How do you describe what it feels like when you wake up for the first time? That is how The Advocate's arts and entertainment editor, Corey Scholibo, felt as he protested the passing of Proposition 8 at the Mormon Temple in Los Angeles on Thursday. Formerly a cynic when it came to the marriage fight, Scholibo now sees this moment as the first time his complacent generation got a real taste of the fight for our rights and thinks it may have been just what they needed.

Like most gay Americans I felt my whole life that being discriminated against was a matter of fact. You could call it apathy or you could call it patience, but I was aware that we were not equal, and it was not nagging at me nor keeping me awake at night. Perhaps it is because I work in the media and have watched as representations of our lives have slowly -- but, mind you, surely -- changed people's minds. But I had also unwittingly denied myself a lot of things. I never wanted to get married, and when the marriage fight became the central focus of the LGBT movement, I was not 100% sold. While I felt that anyone who wanted to get married should have the fundamental right to do so, I didn't feel that this was where our efforts were best spent. I rejected the argument that gay people are just like everyone else. In fact, I was celebrating the very things that made us so different from everyone else, that had allowed us to question what monogamy was, what marriage was, what the nuclear family ideal added up to.

I was shocked, truly shocked, when the California supreme court ruled in favor of us in May. I never expected it to happen. I was elated when it did come to pass, but as I watched everyone get married all around me, my first reaction was cynicism. I thought, How interesting that so many people have fought so hard to be like the rest of America. I thought, Is my relationship now going to be judged by these newly married gay Americans? and for the first time experienced a mother asking if marriage was in my future. I went to all my friends' weddings, and though I was jealous of the happiness they found, I was not jealous of their entering an institution with all these rules and regulations, so much cultural baggage of who you were as identified by that title: married. Even as I entered a long-term relationship with someone who I knew was my complete other half, I didn't generally think that we would one day get married, and if I did, I thought about it in the abstract, far, far in the distance and certainly not as something of critical importance.

But as cynical as I was, I was sure the battle over marriage was over. I was sure that after that ruling this could not be taken away from us. And now I think it is safe to say a lot of other Californians did too.

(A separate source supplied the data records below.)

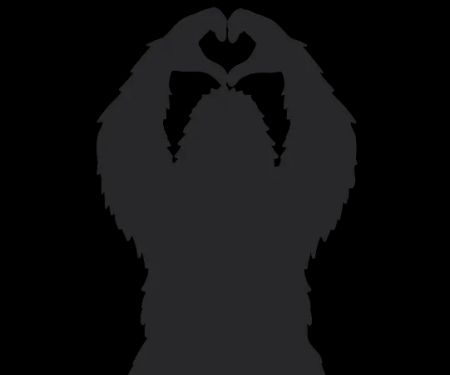 Festview Camping, LLC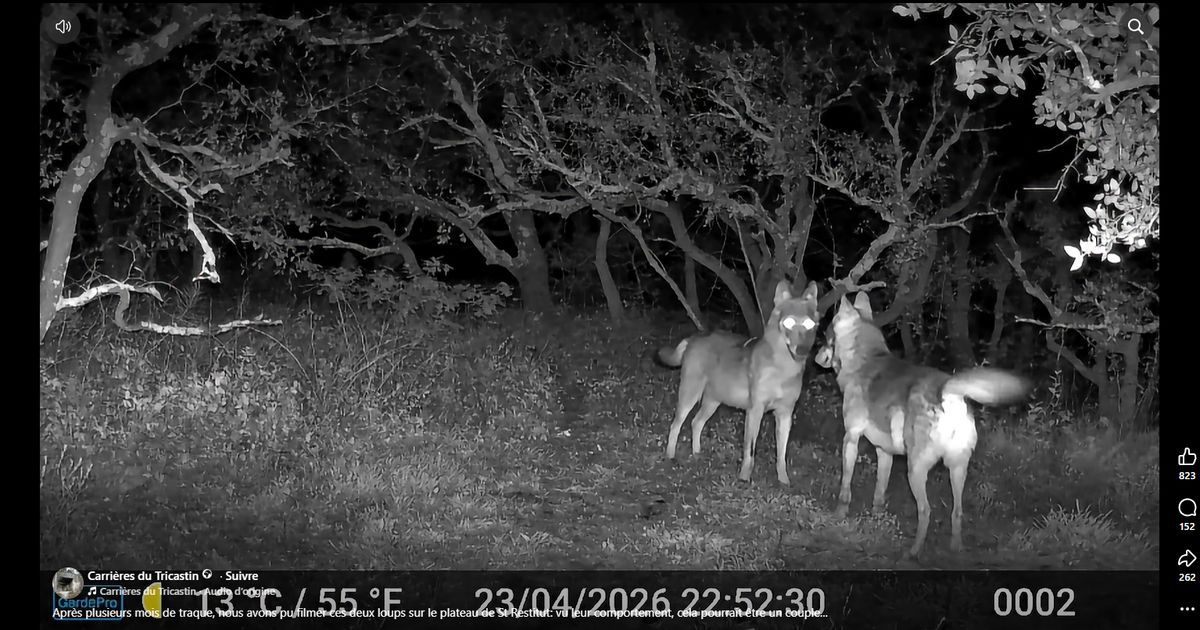 Des loups filmés pour la première fois dans les carrières du Tricastin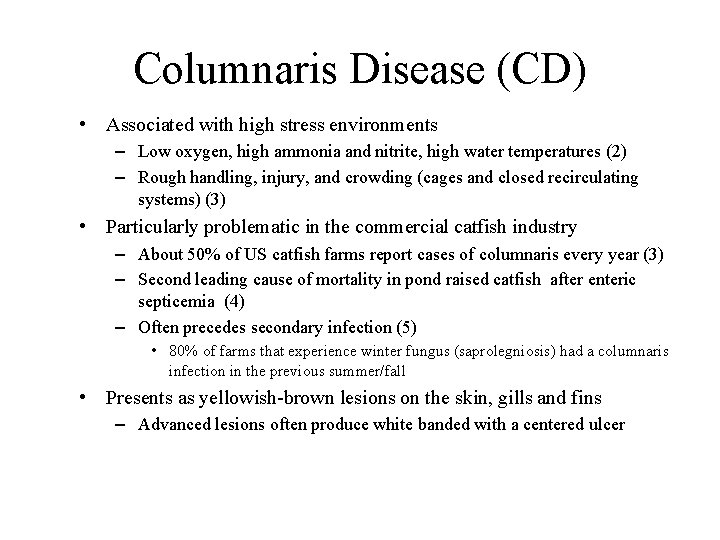 Columnaris Disease (CD) • Associated with high stress environments – Low oxygen, high ammonia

We saw Ellen and Portia on the cover of People magazine. We watched thousands of other couples marry. We saw the polls tipping in our favor on this issue. Hell, even Kevin and Scotty were wed on the season finale of Brothers & Sisters. This was an issue whose time had come, and for those for whom it was important, I thought they were finally secure.

But complacency is a funny thing. How funny that at 29 years old I was so naive as to how the world works. After all, I am a millennial. I grew up in the age where you get certificates for attendance. I was entitled. I thought it is one thing to stop a right from coming to pass (as the Knight Initiative did in 2000), it is quite another to take an already established right away.

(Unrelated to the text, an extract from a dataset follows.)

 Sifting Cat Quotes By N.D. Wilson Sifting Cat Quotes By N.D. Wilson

So it was with a reporter's cynicism and a survivalist attitude that on Tuesday night I left Los Angeles's Music Box Theater, where an LGBT crowd had gathered to watch the returns. My boyfriend was heartbroken and trying to express his emotions. I was not affected. This is how it works, I reminded him, like I was still in one of my graduate sociology classes studying the history of sociopolitical movements. This is the setback that comes before the next move forward. Was Hawaii not a setback before Massachusetts? Was Bush not the greatest setback followed by Obama, who may be the greatest promise? I don't know what to tell you, I said, we just get up tomorrow and keep going.

The next night everyone was talking about the protest in West Hollywood, but I decided not to go. I wanted to go home and retreat from all this. My boyfriend and I watched Sleeping Beauty and drank wine. I was amused at the scene in the beginning when the good fairies plot against the evil Maleficent. "What can we do? She knows everything," one of them said. "Not everything," another responds. "She does not know about kindness. She does not know about love." We laughed at how fittingly this described the religious movement that had put us where we are today.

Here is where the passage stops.